W-A-R: I am a lifelong Augustus Pablo devotee. I was most excited about this interview when I found out that you were heavily involved in the production side of “The Red Sea,” a compilation album focused primarily on Pablo’s early work with Herman Lin Choy at Aquarius, and a favorite of mine. Talk about how that project came about and discuss your contribution to the album.
CL: “To be honest, it was just another compilation album…. A mate of mine is good friends with Ossie Thomas, they got permission to put the album together from Herman at Aquarius and they asked me to contribute – I think I copied off some tunes for them….. I didn’t do that much to be honest….”
W-A-R: You have been heavily involved in some of the greatest reggae reissues and compilations of our time. Lee Perry’s ‘Upsetter Collection,’ Big Youth’s ‘Everyday Skank,’ (for Trojan) and Augustus Pablo’s legendary ‘Original Rockers’ set (Greensleeves) come to mind. First off, how do you become involved in these projects (they come to you with an idea, you propose an idea, etc.)? So when I listen to, say, “The Red Sea” or “Original Rockers” what can I point to and say “there’s the Chris Lane thumbprint”? What I’m asking is what did you bring to these projects that made them better?
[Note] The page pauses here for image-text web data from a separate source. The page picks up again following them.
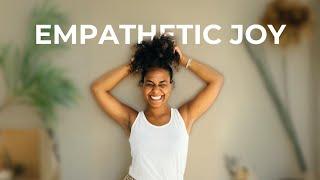 Guided Meditation on Empathetic Joy (Mudita Meditation)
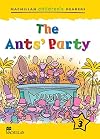 The Ant's Party: Level 3 (Macmillan Children's Readers (International))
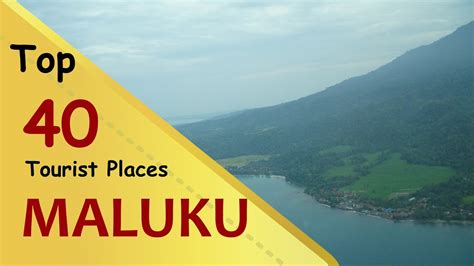 Maluku Top 40 Tourist Places Maluku Islands Tourism Indonesia Youtube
CL: “Sometimes I come up with an idea for the comp, other times the label may have the catalogue already and want to do something with it…. I only ever do these things if I like them and they mean something to me though….
I would say that the ‘thumbprint’ belongs to the artist or the producer…. I’ve just put the tracks together – hopefully they’re all interesting and good musically – and tried to give a good representation of what their music is about. Same when I’ve written the sleeve notes, hopefully it will make casual listeners get interested in the music.”
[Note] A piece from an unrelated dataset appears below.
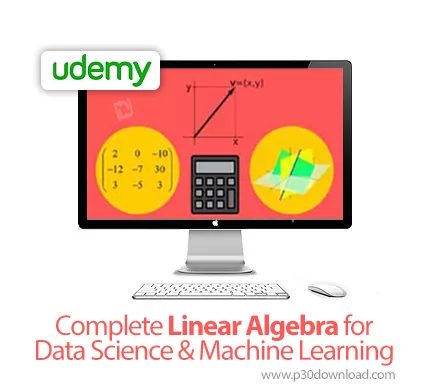 Udemy Complete Linear Algebra For Data Science Machine Learning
W-A-R: Talk a bit about what you are doing now and what you will be doing for the next 12-18 months…
CL: “I’m carrying on with getting the Fashion catalogue up and available online, we should be doing some classic vinyl reissues this year…We’ve also got some remix projects in the pipeline, we’ve had a couple of interesting things so far, with more to come…..
W-A-R: You’ve seen it all in your career. What is your opinion on the current state of reggae and where do you see it in 5 years?
CL: “To be honest, I don’t listen much to contemporary reggae….
Most of the material coming out of Jamaica doesn’t touch me, I just can’t get emotionally involved in it….. I like some of the UK stuff, even though it harks back to the classic styles of the 70’s and 80’s…. and I’ve played on some sessions recently and that’s been nice, but I can’t see myself producing records again… not for the moment anyway…”
W-A-R: Many thanks for taking the time out to talk with us Chris and best of luck to my friend.
A big, big thanks to Fred P. and Inyaki for helping me link with Chris. Crucial works!